2.4. Heartbeat Payload Schema¶
All heartbeats use the same JSON schema:
{
"service": "recorder",
"instance_id": "ultramic-01",
"timestamp": 1706612400.123,
"health": {
"status": "ok",
"components": {
"recording": { "healthy": true, "details": "" },
"disk_space": { "healthy": true, "details": "82% free" }
}
},
"activity": "recording",
"meta": {
"resources": {
"cpu_percent": 12.3,
"memory_mb": 87.2,
"num_threads": 4,
"storage_used_gb": 142.7,
"storage_total_gb": 476.9,
"storage_percent": 30.0
},
"db_level": -45.2
}
}
The meta.resources block is automatically populated by the ResourceCollector (part of SilvaService). Services that have a workspace_path also get storage metrics. Service-specific custom fields (e.g. db_level) are added by the service itself.
[!NOTE] The Controller additionally includes host-level metrics in its heartbeat under
meta.host_resources(total CPU, total RAM, total disk). This enables the Web-Interface dashboard to show system-wide resource utilization in addition to per-service metrics.
{
"service": "controller",
"meta": {
"resources": { "cpu_percent": 3.1, "memory_mb": 45.0, "num_threads": 2 },
"host_resources": {
"cpu_percent": 23.5,
"cpu_count": 4,
"memory_used_mb": 2048.0,
"memory_total_mb": 8192.0,
"memory_percent": 25.0,
"storage_used_gb": 142.7,
"storage_total_gb": 476.9,
"storage_percent": 30.0
}
}
}
2.5. New Core Modules¶
| Module | Purpose | Used By |
|---|---|---|
silvasonic.core.service |
SilvaService base class — canonical lifecycle |
All services |
silvasonic.core.heartbeat |
HeartbeatPublisher — async fire-and-forget Redis heartbeats |
All services |
silvasonic.core.redis |
get_redis_connection() — best-effort connect, auto-reconnect |
All services |
These extend the existing shared modules:
| Module (existing) | Purpose |
|---|---|
silvasonic.core.health.HealthMonitor |
Thread-safe singleton for component status |
silvasonic.core.health.start_health_server |
Background HTTP server on /healthy |
silvasonic.core.logging.configure_logging |
Structured logging (Rich in dev, JSON in prod) |
silvasonic.core.settings.DatabaseSettings |
Pydantic-based config from env vars |
3. Options Considered¶
- No base class (copy-paste lifecycle): Rejected. Already causing drift between controller and recorder implementations. Maintenance cost grows with each new service.
- Framework-based approach (e.g., Nameko, FastStream): Rejected. Adds a heavy runtime dependency for a simple lifecycle pattern. Silvasonic services are not complex enough to warrant a framework.
- Recorder without Redis (Controller proxies status): Rejected. Creates a non-uniform pattern. The Controller would need to poll Recorder health via HTTP and re-publish to Redis — adding latency, code, and a different status path for Tier 2 vs. Tier 1 services.
4. Consequences¶
- Positive:
- Uniform: Every service follows the same lifecycle, reports status the same way, and shuts down the same way.

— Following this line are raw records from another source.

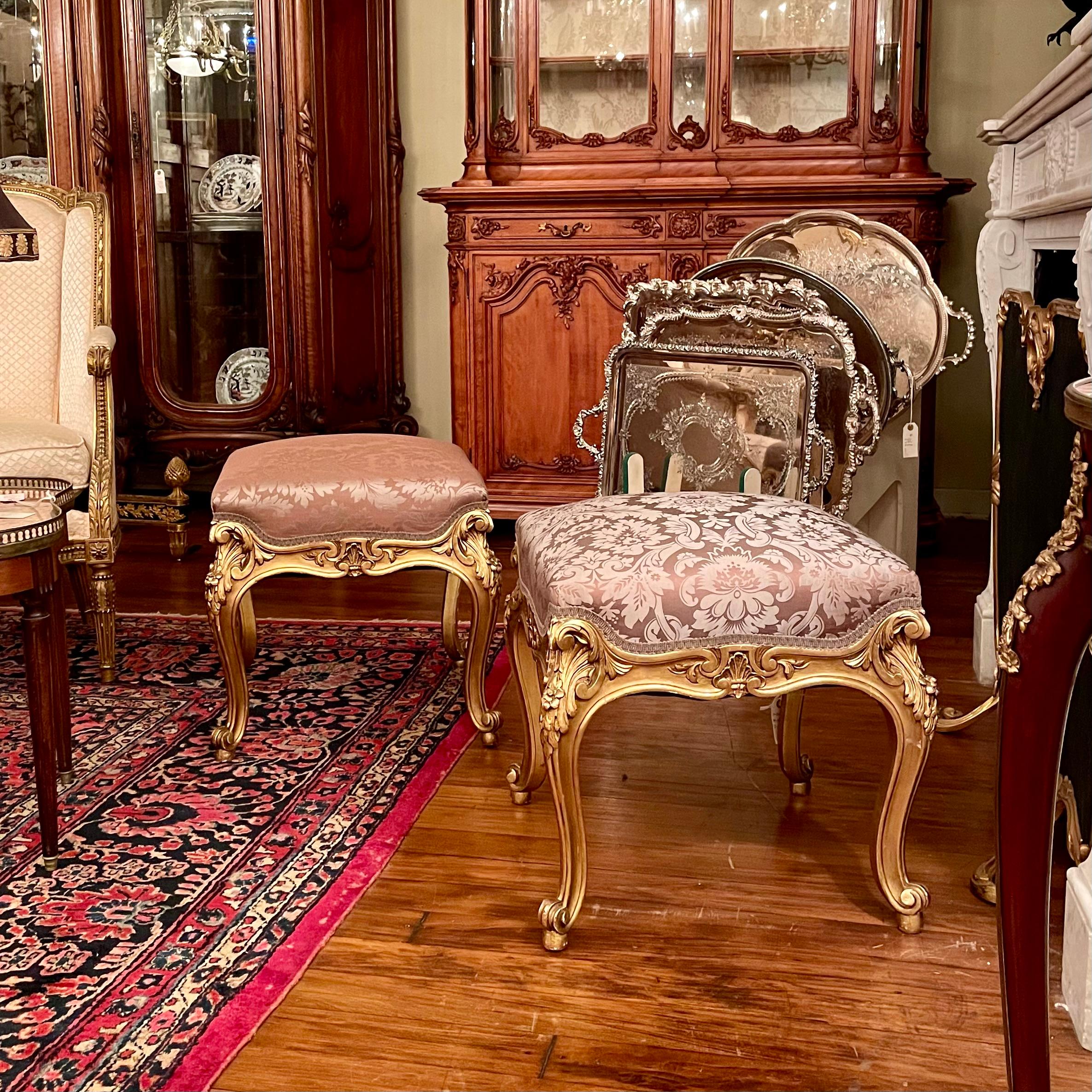 Paire de bancs anciens de la Régence française en or, vers 1875-1885. en vente 1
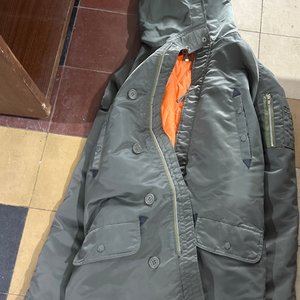 Lote siguiente: Campera verde con forro naranja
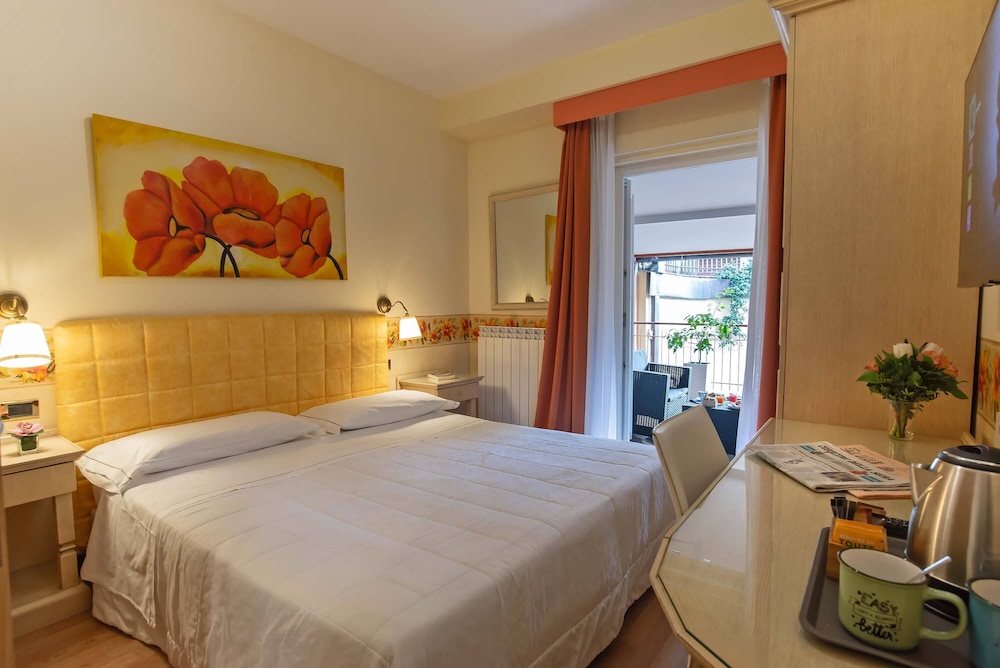 Economy, Double Bed, Balcony, Small, Hotel Jane 2/4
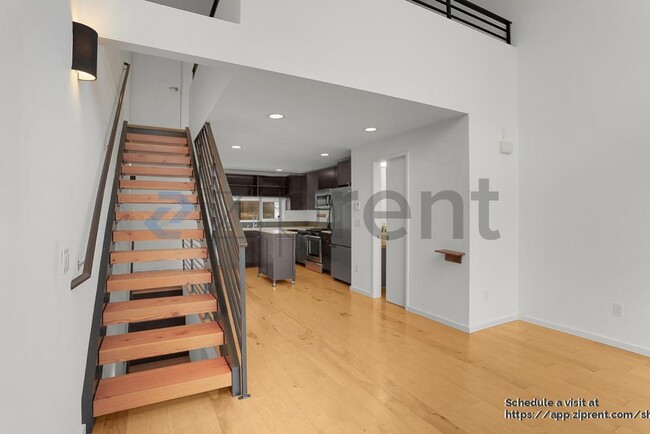 Building Photo - 3646 36th Ave S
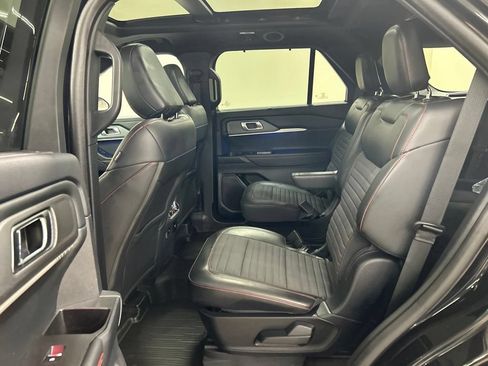 Certified 2025 Ford Explorer ST-Line w/ ST-Line Street Pack AWD/4WD image 31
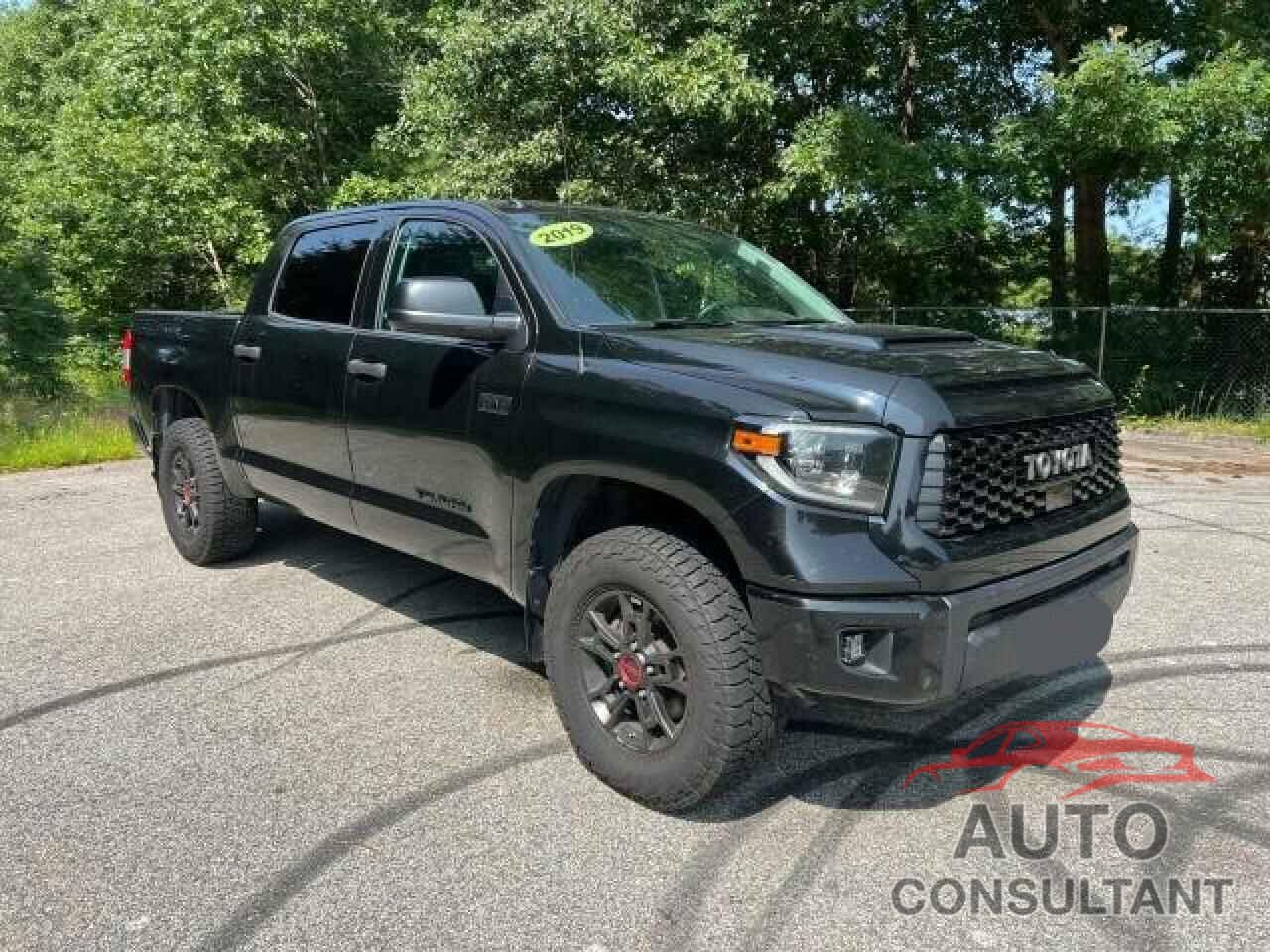 TOYOTA TUNDRA 2019 - 5TFDY5F12KX846826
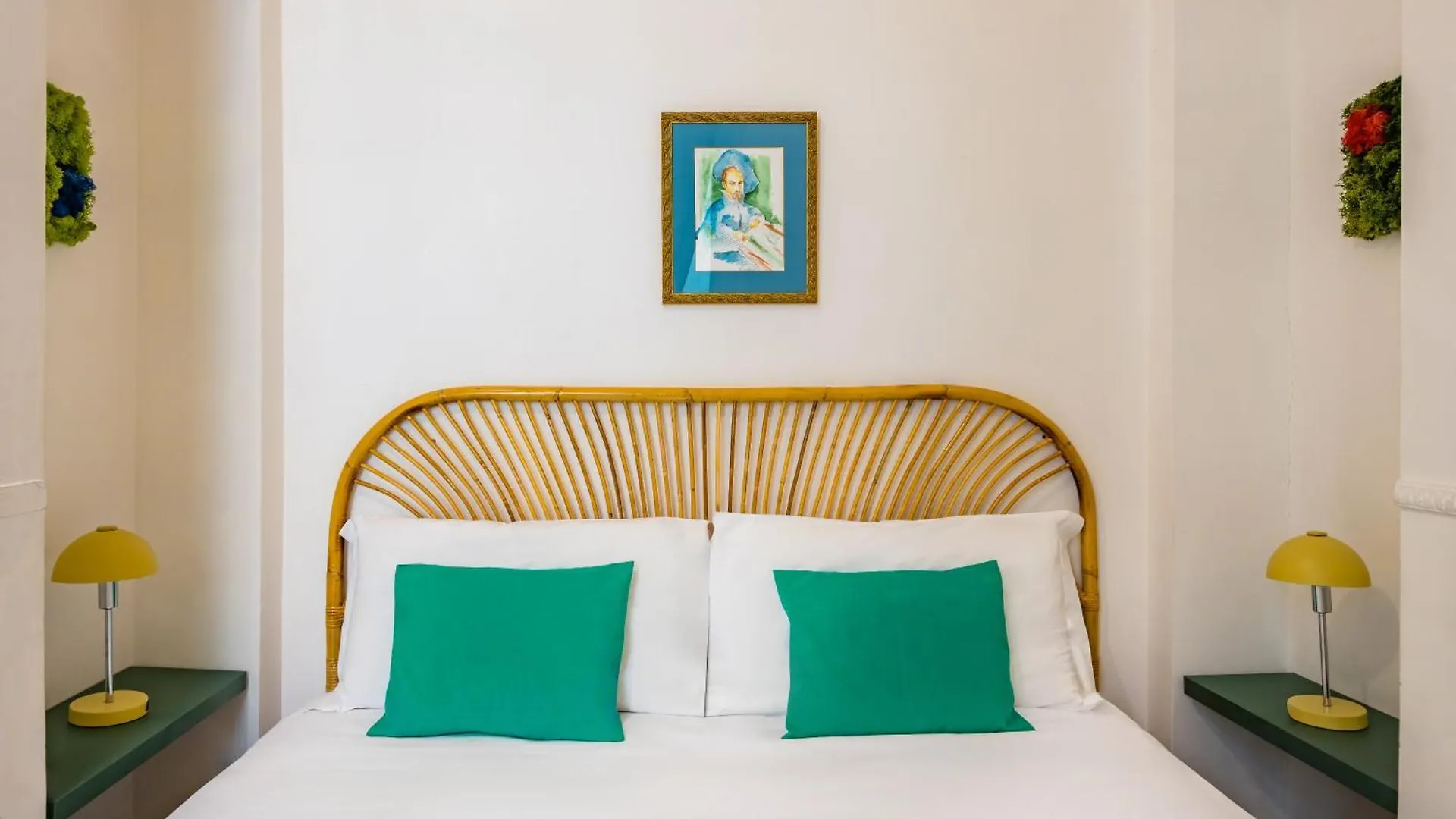 La Casa Di Famiglia By Napoliapartments 0*, Naples Italy
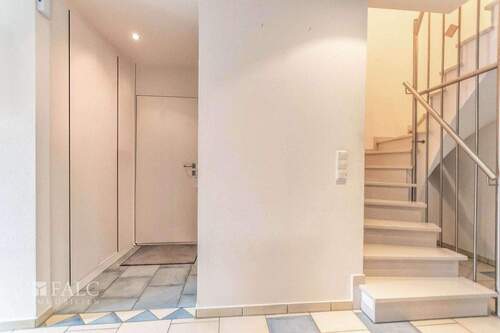 Garagenzugang u. Treppe - (KI generiert) - 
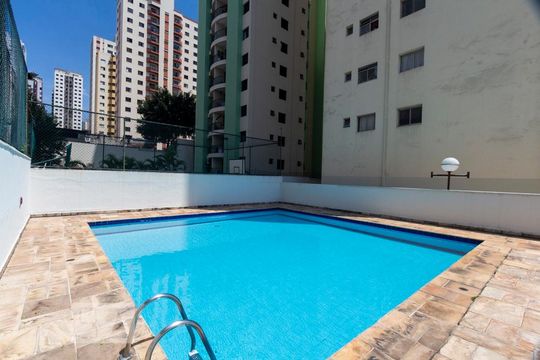 Piscina de apartamento para alugar com 2 quartos, 60m² em Saúde, São Paulo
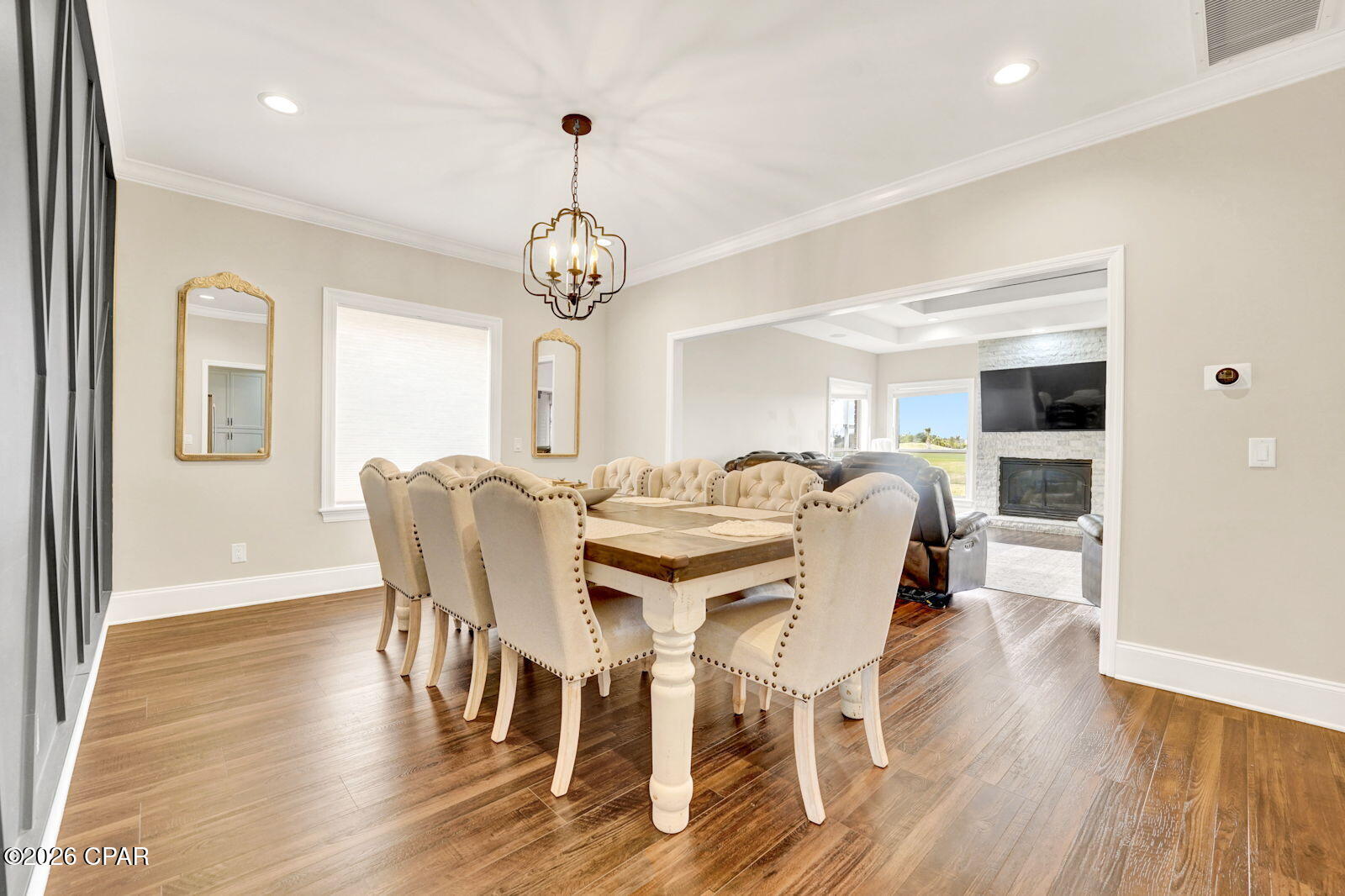 2913 Country Club Drive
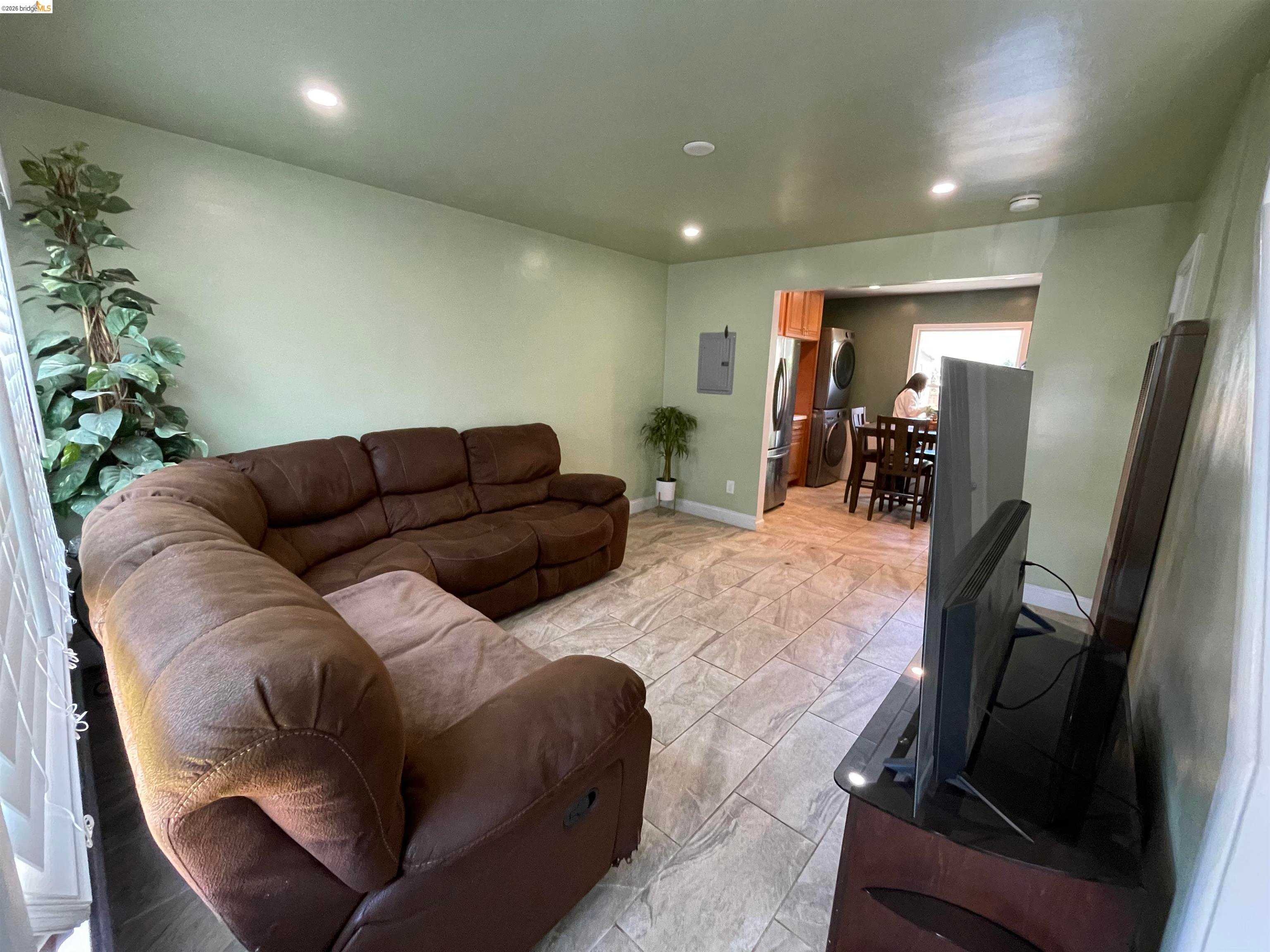 18 W Chanslor Ct Richmond California United States, for Sale, residential, Dhiraj Mahat, Real Estate Source, Inc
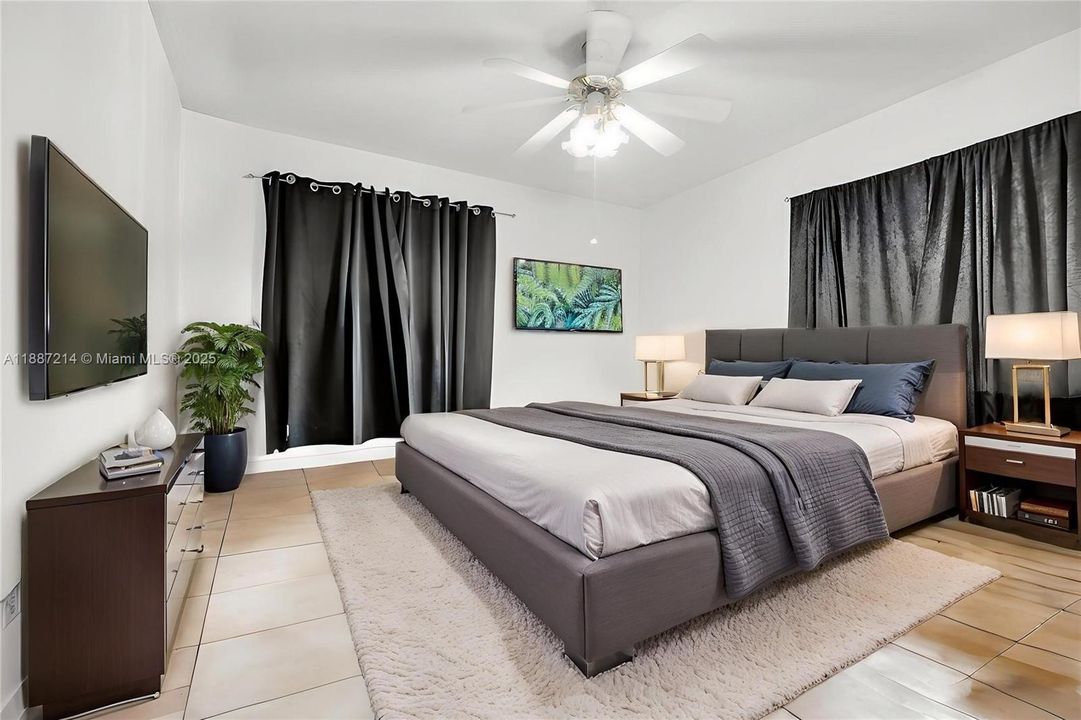 En Venta: $2,250,000 (6 camas, 3 baños, 3032 Pies cuadrados)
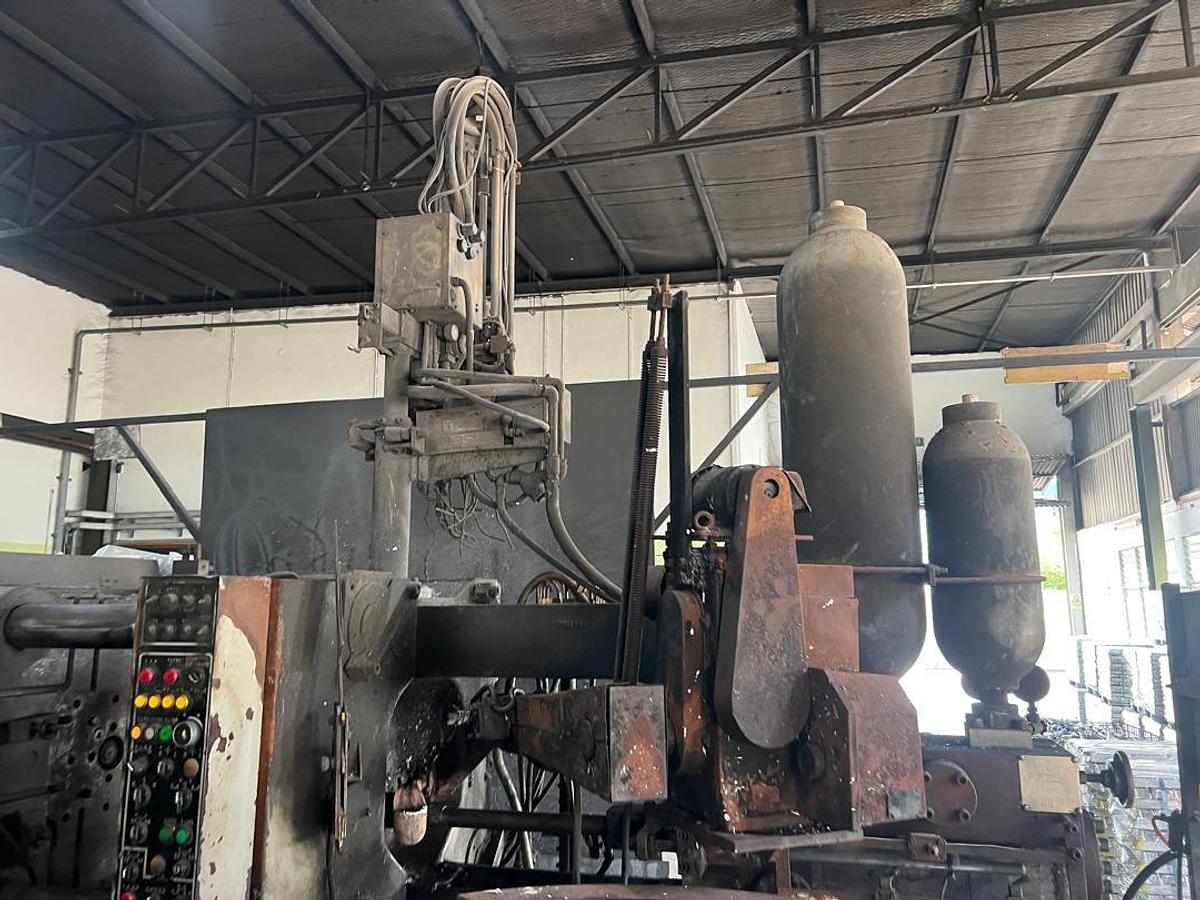 Used TOYO 350T Model BD-350V3-CM Year 2000 Die Casting Machine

- Minimal code per service: New services only implement their domain logic — health, heartbeat, logging, and shutdown are inherited.
- Testable: The
SilvaServicebase class can be unit-tested once; individual services test only their overrides. - Redis dependency is lightweight:
redis-pyis ~60 KB pure Python. Fire-and-forget heartbeats add negligible overhead.
- Negative:
redis-pybecomes a transitive dependency for all services, including the Recorder.- Services cannot be tested in complete isolation from Redis (though the heartbeat silently degrades if Redis is unavailable).
- The
SilvaServiceabstraction must remain thin — feature creep in the base class would affect all services.